Verbatim copy without pictures. Please print every entry as it stands.

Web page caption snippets
===

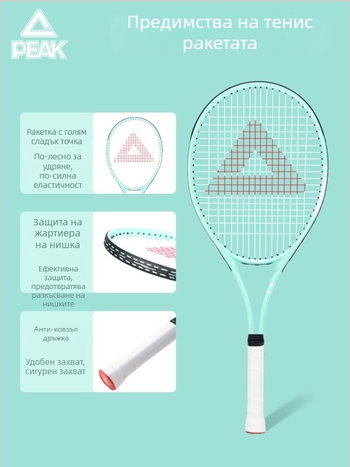 Peak треньор за отскок на тенис ракета - алуминиев корпус, нейлонова мрежа, тегло 95–100 g, еднопотребителски тренинг за тенис на маса и тенис с пера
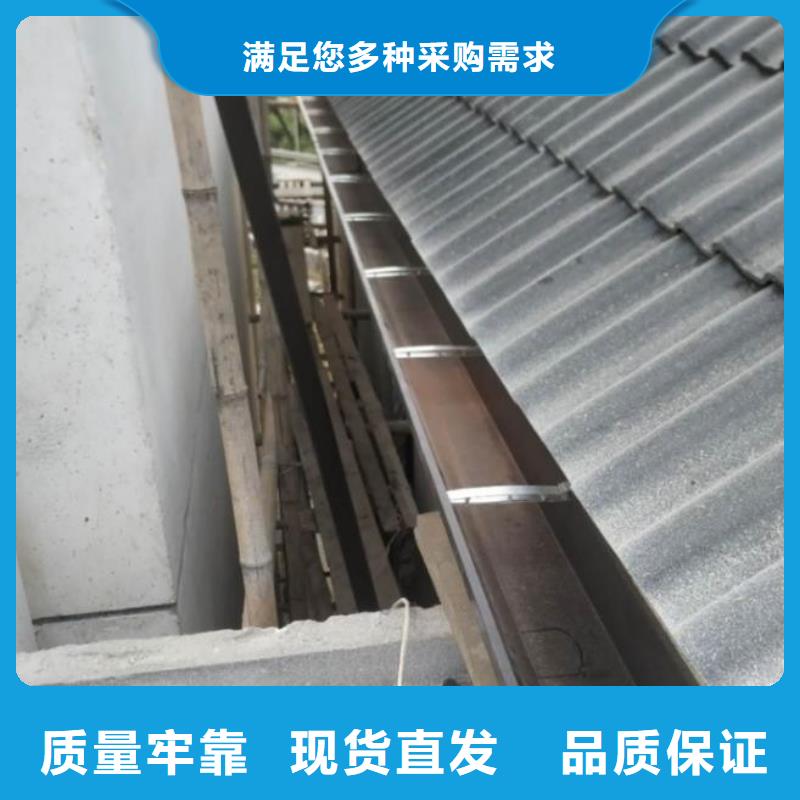 铝合金檐沟视频-铝合金檐沟-可成建材科技(商丘市分公司)服务区域夏邑|睢阳|周口|安阳|南阳|新乡|濮阳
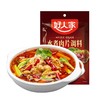 好人家100g水煮肉片调料 商品缩略图1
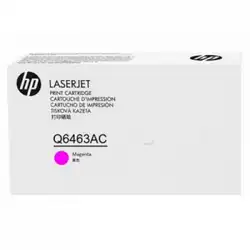 Лазерный картридж HP Q6463AC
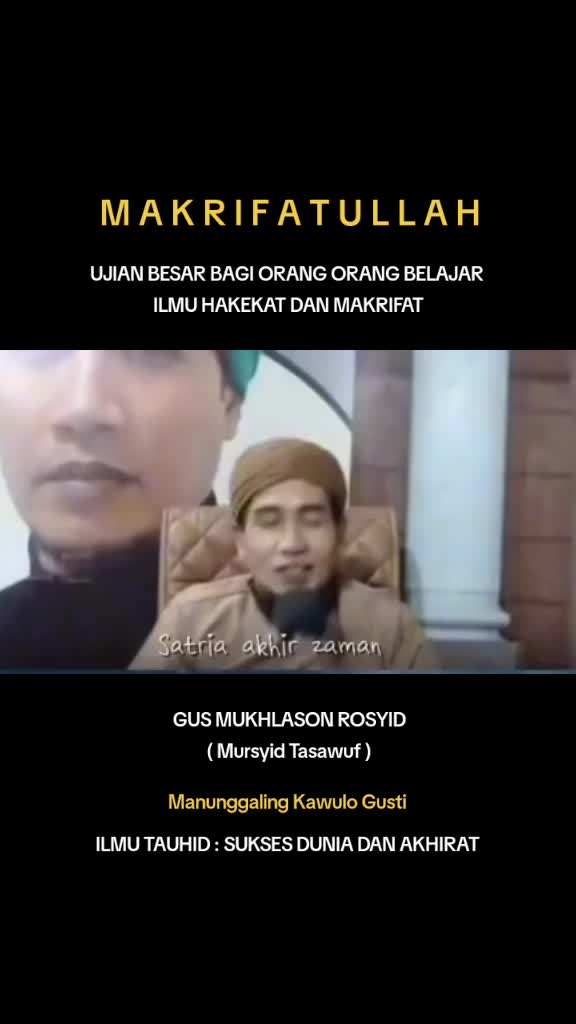 @Bang Iwan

===

§ ANSWER BOX
 Peak треньор за отскок на тенис ракета - алуминиев корпус, нейлонова мрежа, тегло 95–100 g, еднопотребителски тренинг за тенис на маса и тенис с пера
 铝合金檐沟视频-铝合金檐沟-可成建材科技(商丘市分公司)服务区域夏邑|睢阳|周口|安阳|南阳|新乡|濮阳
 好人家100g水煮肉片调料 商品缩略图1
 Лазерный картридж HP Q6463AC
 @Bang Iwan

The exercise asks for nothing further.